The reason why this is false...

SP games can release mediocrity repeatedly because SP gamers throw out games so quickly. Calisto Protocol...Dead Space Remake...Resident Evil 4 Remake...Play a game in a week or two and you immediately start thirsting for the next similar (not better) experience.

Mediocrity thrives because gamers are constantly starved in SP.

F2P GAAS punishes mediocrity severely on the market. You can't release a worse version of Fortnite a year later because gamers want the best. They aren't cheap, throwaway experiences. Multiplayer requires real advancement and uniqueness in the market in order to get noticed and cultivate a player base.

Mediocrity is punished because gamers are constantly fed in MP. We aren't desperate.
 

Dr. Claus

Vincit qui se vincit
The reason why this is false...

SP games can release mediocrity repeatedly because SP gamers throw out games so quickly. Calisto Protocol...Dead Space Remake...Resident Evil 4 Remake...Play a game in a week or two and you immediately start thirsting for the next similar (not better) experience.

Mediocrity thrives because gamers are constantly starved in SP.

F2P GAAS punishes mediocrity severely on the market.
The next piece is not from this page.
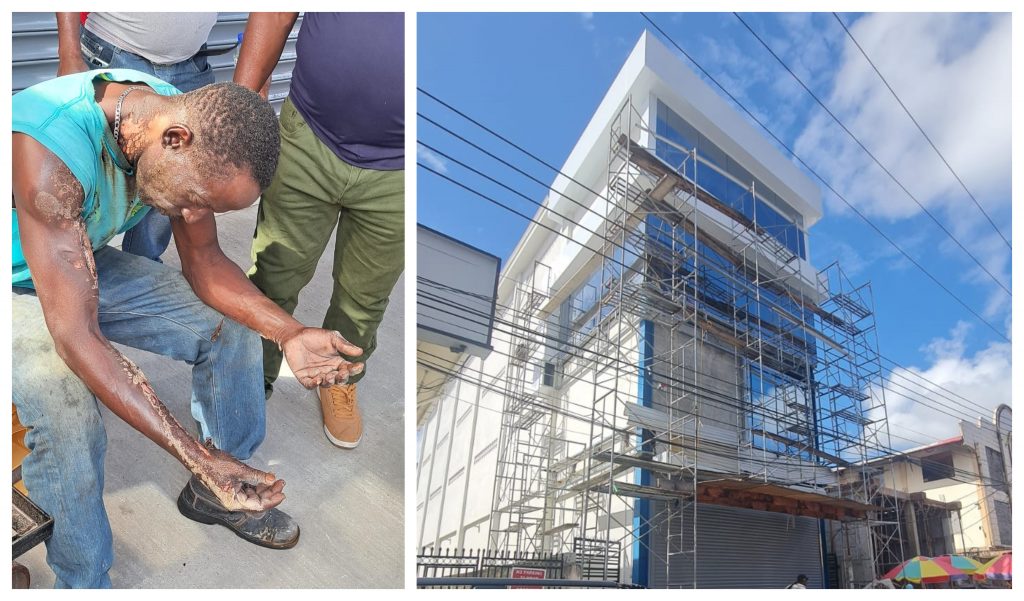 Construction worker seriously injured by electric shock at building site – News Source Guyana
You can't release a worse version of Fortnite a year later because gamers want the best. They aren't cheap, throwaway experiences. Multiplayer requires real advancement and uniqueness in the market in order to get noticed and cultivate a player base.

Mediocrity is punished because gamers are constantly fed in MP. We aren't desperate.
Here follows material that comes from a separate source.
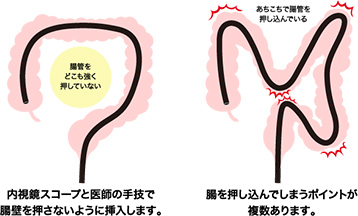 軸保持短縮法という高度な挿入法で大幅に苦痛を軽減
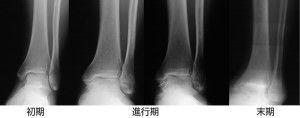 ankle_joint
A good game sells. GAAS aren't good games. They are unfinished games. Just because you are gullible enough to buy and gladly bend over for companies to continue to rail you doesn't mean others are.
 

EN250

Member
The reason why this is false...

SP games can release mediocrity repeatedly because SP gamers throw out games so quickly. Calisto Protocol...Dead Space Remake...Resident Evil 4 Remake...Play a game in a week or two and you immediately start thirsting for the next similar (not better) experience.

Mediocrity thrives because gamers are constantly starved in SP.

F2P GAAS punishes mediocrity severely on the market. You can't release a worse version of Fortnite a year later because gamers want the best. They aren't cheap, throwaway experiences. Multiplayer requires real advancement and uniqueness in the market in order to get noticed and cultivate a player base.

Mediocrity is punished because gamers are constantly fed in MP. We aren't desperate.

SP games are not "mediocrity" and people buy and thirst for the next game because that's how SP games works, you play, do everything you want with them and move on, Open World games work the same, just add more padding to fill the maps, to take more time to finish, but when players are done, they proceed to the next game they want, since when that's a bad thing?
 
SP games are not "mediocrity" and people buy and thirst for the next game because that's how SP games works, you play, do everything you want with them and move on, Open World games work the same, just add more padding to fill the maps, to take more time to finish, but when players are done, they proceed to the next game they want, since when that's a bad thing?

You can spin things the way you want.

It's undeniable that multiplayer games are more "fun" of the two, for most part.

But you can spin it into endless, meaningless grind like a lot of posts are doing here.